There are several further isomorphisms involving groups in the conclusion of Fischer's theorem as follows. This list also identifies the Weyl groups of ADE Dynkin diagrams, which are all 3-transposition groups except W(D_{2})=2^{2}, with groups on Fischer's list (W stands for Weyl group).

$S_5=O_4^-(2)$ has order 120, and the group is a 3-transposition group.
$S_6=Sp_4(2)=O_4^{-,\pm}(3) = PO_4^{-,\pm}(3)$ has order 720 (and 2 classes of 3-transpositions), and the group is a 3-transposition group.
$S_8=O_6^+(2)=$ has order 40320, and the group is a 3-transposition group.
$W(E_6)=O_6^-(2)=O_5^{\pm,\pm}(3)=PO_5^{\pm,\pm}(3)$ has order 51840, and the group is a 3-transposition group.
$PO_5^{\pm,\mp}(3)=SU_4(2)=PSU_4(2)$ has order 25920, and the group is a 3-transposition group.
$W(E_7)=2\times Sp_6(2)$ has order 2903040, and the group is a 3-transposition group.
$W(E_8)=2.O_8^+(2)$ has order 69672960, and the group is a 3-transposition group.
$O_{4s}^{+,+}(3)=O_{4s}^{+,-}(3)=2.PO_{4s}^{+,+}(3)=2.PO_{4s}^{+,-}(3)$ for all s≥1, and the group is a 3-transposition group if s≥2.
$O_{4s}^{-,+}(3)=O_{4s}^{-,-}(3)=PO_{4s}^{-,+}(3)=PO_{4s}^{-,-}(3)$ for all s≥1, and the group is a 3-transposition group for all s≥1.
$O_{4s+2}^{+,+}(3)=O_{4s+2}^{+,-}(3)=2.PO_{4s+2}^{+,+}(3)=2.PO_{4s+2}^{+,-}(3)$ for all s≥0, and the group is a 3-transposition group for all s≥0.
$O_{4s+2}^{-,+}(3)=O_{4s+2}^{-,-}(3)=PO_{4s+2}^{-,+}(3)=PO_{4s+2}^{-,-}(3)$ for all s≥0, and the group is a 3-transposition group if s≥1.
$O_{2m+1}^{+,+}(3)=O_{2m+1}^{-,-}(3)=PO_{2m+1}^{+,+}(3)=PO_{2m+1}^{-,-}(3)$ for all m≥0, and the group is a 3-transposition group if m≥1.
$O_{2m+1}^{-,+}(3)=O_{2m+1}^{+,-}(3)=2\times PO_{2m+1}^{-,+}(3)=2\times PO_{2m+1}^{+,-}(3)$ for all m≥0, and the group is a 3-transposition group if m=0 or m≥2.
$W(A_n)=S_{n+1}$ for all n≥1, and the group is a 3-transposition group for all n≥1.
$W(D_n)=2^{n-1}.S_n$ for all n≥2, and the group is a 3-transposition group if n≥3.

==Proof==

The idea of the proof is as follows.

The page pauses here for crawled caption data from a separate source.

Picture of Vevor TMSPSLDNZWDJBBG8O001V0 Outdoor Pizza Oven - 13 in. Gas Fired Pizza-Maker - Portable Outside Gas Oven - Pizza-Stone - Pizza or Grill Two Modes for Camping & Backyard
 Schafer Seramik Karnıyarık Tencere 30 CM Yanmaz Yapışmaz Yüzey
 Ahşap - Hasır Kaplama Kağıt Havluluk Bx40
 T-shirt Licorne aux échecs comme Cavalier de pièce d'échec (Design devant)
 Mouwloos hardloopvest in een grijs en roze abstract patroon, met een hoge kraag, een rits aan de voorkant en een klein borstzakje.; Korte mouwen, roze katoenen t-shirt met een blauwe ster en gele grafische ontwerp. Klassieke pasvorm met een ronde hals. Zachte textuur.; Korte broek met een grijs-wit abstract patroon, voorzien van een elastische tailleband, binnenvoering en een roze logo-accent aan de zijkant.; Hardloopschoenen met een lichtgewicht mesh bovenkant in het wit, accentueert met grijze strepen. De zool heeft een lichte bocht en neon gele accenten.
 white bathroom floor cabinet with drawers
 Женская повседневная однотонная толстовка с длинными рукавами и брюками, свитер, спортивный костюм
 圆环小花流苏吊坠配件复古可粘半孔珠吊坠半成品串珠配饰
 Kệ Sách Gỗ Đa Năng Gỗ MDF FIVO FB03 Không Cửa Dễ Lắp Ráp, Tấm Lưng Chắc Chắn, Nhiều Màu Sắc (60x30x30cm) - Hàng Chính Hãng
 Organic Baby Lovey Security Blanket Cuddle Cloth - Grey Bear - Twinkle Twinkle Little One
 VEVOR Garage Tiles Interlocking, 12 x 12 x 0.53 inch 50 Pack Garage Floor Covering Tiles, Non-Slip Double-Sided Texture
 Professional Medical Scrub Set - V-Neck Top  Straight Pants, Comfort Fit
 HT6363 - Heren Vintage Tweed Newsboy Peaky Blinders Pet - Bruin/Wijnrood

Suppose that D is the class of 3-transpositions in G, and d∈D, and let H be the subgroup generated by the set D_{d} of elements of D commuting with d. Then D_{d} is a set of 3-transpositions of H, so the 3-transposition groups can be classified by induction on the order by finding all possibilities for G given any 3-transposition group H. For simplicity assume that the derived group of G is perfect (this condition is satisfied by all but the two groups involving triality automorphisms.)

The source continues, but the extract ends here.